INFORMATION SHOWN:

* * * * * * *

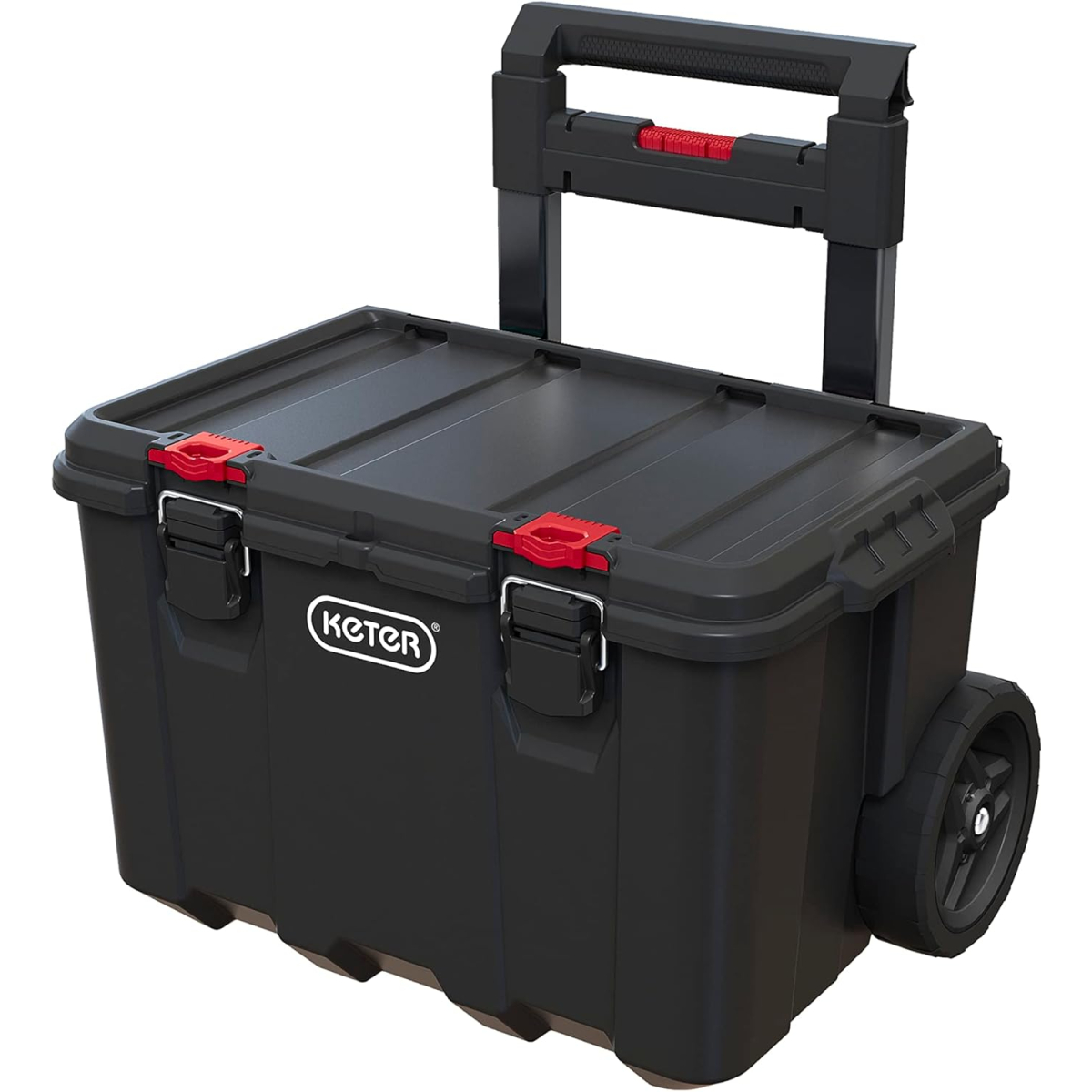 Keter KETSNRCART 251493 Stack N Roll Cart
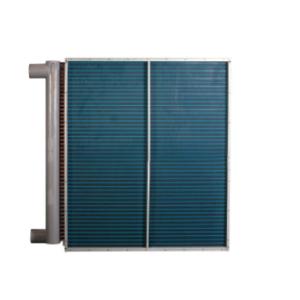 1/2" diameter copper fin type heat exchanger use for central air conditioning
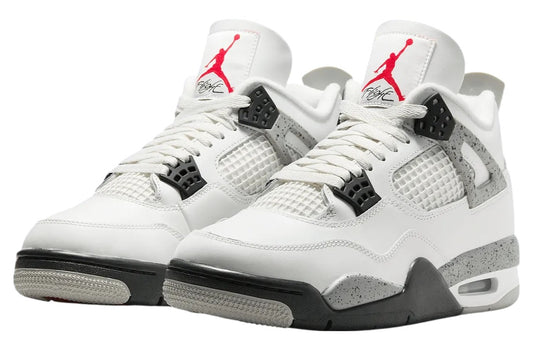 Air Jordan 4 White Cement 2025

* * * * * * *

EXERCISE AIM: Word for word, quote the full listing, omitting every picture.

RESPONSE AREA:
 Keter KETSNRCART 251493 Stack N Roll Cart
 1/2" diameter copper fin type heat exchanger use for central air conditioning
 Air Jordan 4 White Cement 2025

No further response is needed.